Oh, well. We split up and went our separate ways. I walked home to eat. At my house, a police car was parked beside my mother’s car. She was home early from work at the powdered metal factory. I walked in and Officer Hines and my mother were going through folders of paperwork. Mom looked stressed out. She couldn’t find the paper she was looking for.

I asked my sister Carol, who was crying hysterically with sister Patty, “What’s going on?”

“Daddy just died. He burned up.”

I tried to digest that and all that came out was, “Did his head roll down the highway? Does this mean I won’t get to see him anymore? That’s too bad. I liked hanging out with him.” That was it. No deep sorrow. No lingering grief.

I’ve tried reasoning that reaction. I barely knew the guy, only three years and two months since my own recovery. I didn’t understand death that well, or perhaps my accidents had jaded me?

As an elder teen, several good friends of mine died of drug overdoses or fiery car crashes, or both. I felt sad, but never surprised or distraught. It was unfortunate, but there was no going back.

Here was damage done to me, innocently. My doctor gave my family good advice when I left the hospital, but it got misinterpreted. In short, the doctor said don’t let him bump his head, and a rare number of patients can revert back to a vegetative state sometimes years later, according to Google.

Here is how that medical advice was interpreted by my family: “Be careful around Steve for the next ten years because he could go crazy at any time.”

I could say, “Boo!” and people would jump.

Each day my bed was made. My shirts were always folded. Underwear drawer stayed full. Breakfast awaited. My playtime was unlimited, but don’t climb trees. Dinner was hot and we often ate together at the dining room table. Once I used a small bicycle pump to cool my soup. No arguments.

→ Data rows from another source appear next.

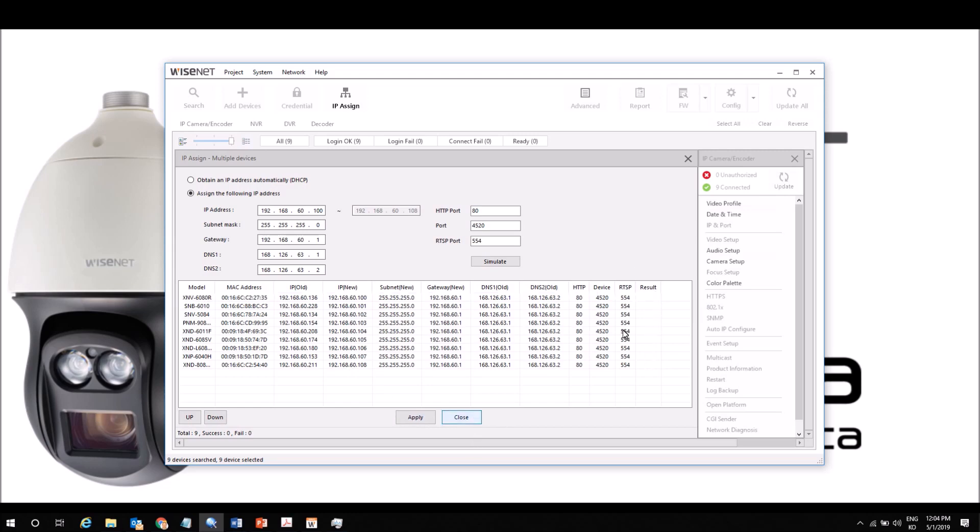From there we can do things like configuring the cameras. On the right hand side we have options for changing things like video profiles, updating the clock or time sync, flipping, focus, hallway mode, audio setup.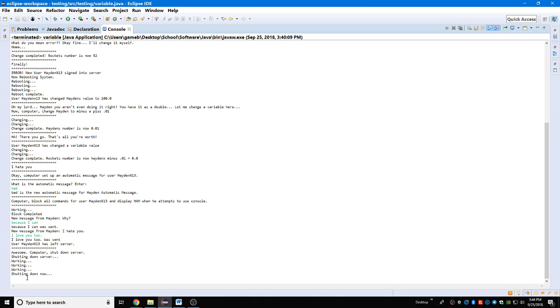User Hayden x13 has left the server. Awesome. Computer, shutdown server. Shutting down server, working, working, working, server shutting down. And that is my program, coming on Android devices on December 25th, 5032.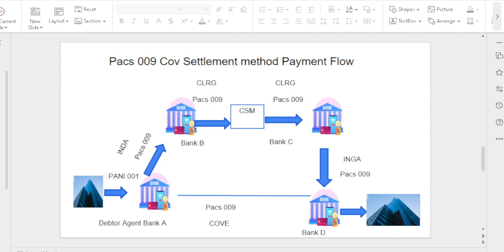Next, we look at the PACS.009 cover payment settlement method overview. In this diagram, Bank A, Bank B, Bank C, and Bank D are involved — four banks in total. Corporate A sends a payment file to Bank A. Bank A (instructing agent) plans to send the amount to Bank B (instructed agent) and holds a nostro account there — so this is the INDA method. Bank B and Bank C both have a USD account, so clearing happens via clearing house — CLRG method. Once funds reach Bank C, Bank C (instructing agent) holds the settlement account and sends money to Bank D (instructed agent) — so this is the INGA method.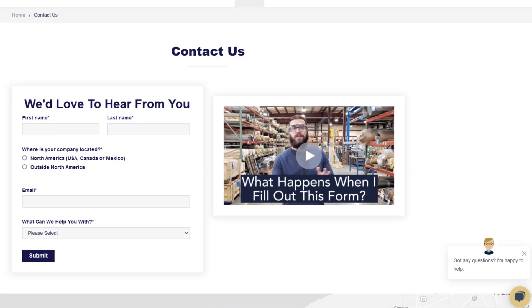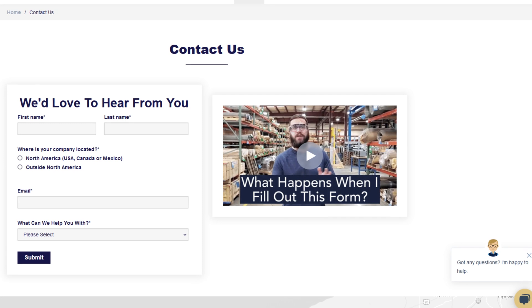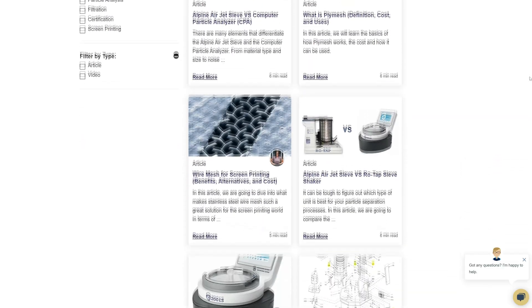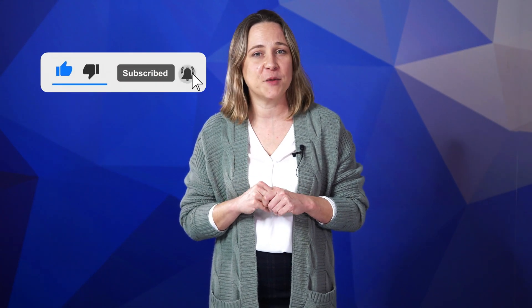Thanks so much for watching. If you have any questions, fill out a contact us form so we can answer your specific questions — just click the link in the description. If you'd like to learn more about Woven Wire Mesh or our many products, W.S. Tyler has a learning center filled with written and video content to make you an expert. Don't forget to click the subscribe button and ring that bell to keep up with all things W.S. Tyler. I'm Candice and I'll see you around in the next video.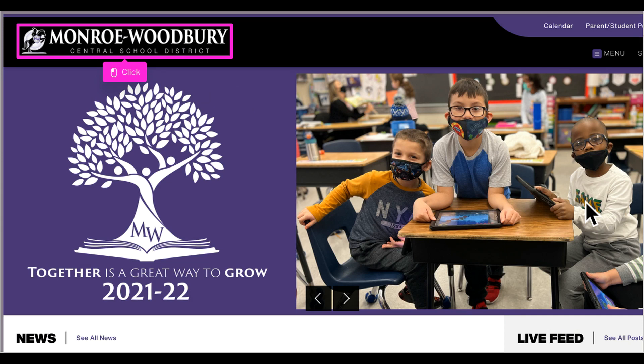Welcome to the new Monroe Woodbury website. Let's take a moment to look at the features on the district home page. The same features appear on every school home page as well.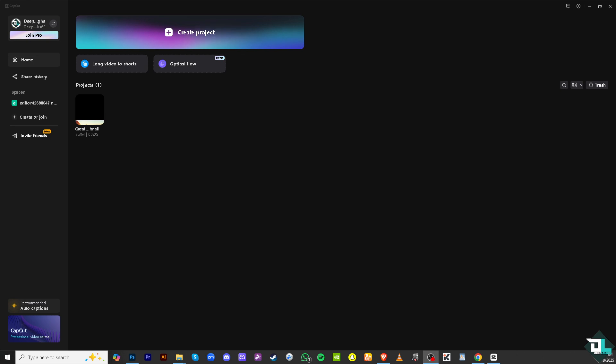Creating a thumbnail in CapCut for PC is a simple and effective way to make your video content stand out. Although CapCut is primarily an editing tool, it also allows you to export still images that can be used as thumbnails.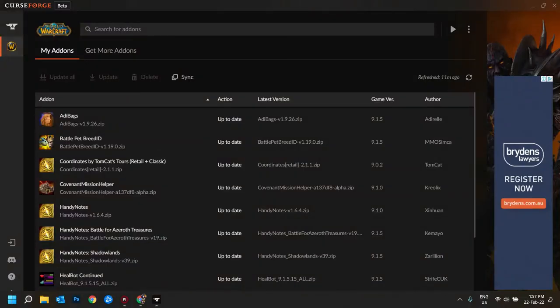To keep my add-ons updated, I use CurseForge. I had been using WowUp but I've reverted back to CurseForge because even though it does use ads, it does help out the add-on developers.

Rooms were always tidy. I guess I figured little pixies came out of the woodwork at night and cleaned the house, because I know that I sure never did. Don’t bother Steve. He might go crazy.

I didn’t often abuse that power, but it abused me with all the perks and the lack of learning. It stunted my growth. When I got my first apartment, I was helpless and hopeless. Dishes piled up. Clothes gathered in clumps. The cupboards were bare.

One night at the laundromat a strange woman from the far end walked up to me and my pile of dry clothing. She pushed me aside, and said, “I can’t stand to watch you any longer,” and she folded all my shirts. She also asked me, “Why are all your clothes blue?”

One time our dad gave me two sets of boxing gloves. I asked Carol what they were for. She said, “Let me show you.” She laced my pair and hers. Then she said, “Put your fists up like this,” and showed me the pose. I put my fists up, and she knocked me in the head about ten times.

“Now, go crazy,” she said.

Whenever I got into trouble, my Grandma Minnie always told me I was a victim. “Poor kid. The whole world is against you.” That had to have muddled my mind as much as two crashes.

She teased me, when I had no idea was teasing was. Once while passing a clock store in the afternoon, all the clocks in the window were set at 8:20. I asked Grandma why, and without hesitation she said, “That’s when Lincoln was shot. Clock stores do that in his memory.” I believed that for seven years until it embarrassed me in a clock store. She did that often, pulled malarkey out of her hat. She gave me a chunk of melted brass, told me it was gold, and I took it to the bank.

She told a friend and I we could dig a hole to China in her garden in an area she had marked off for strawberries. Johnny and I dug up all that soil for her because she said we would each get pointy hats, and we settled for quarters instead.

“How many clock stores have you seen, Son.”

“One, but my grandma--”

“Son, your grandma is nuts.”

To wrap, these are the real reasons that kept me out of college:

I didn’t want to go. Four years of college is also four years of not getting paid. There are many skills that a person can learn on their own, in less time. My uncles were all big shots in their businesses with no college degrees. No one in my family ever went to college. College was for smart people who wanted to be architects, lawyers or doctors. I don’t feel that smart. I could go on and on, but the first reason is the one that needed changed.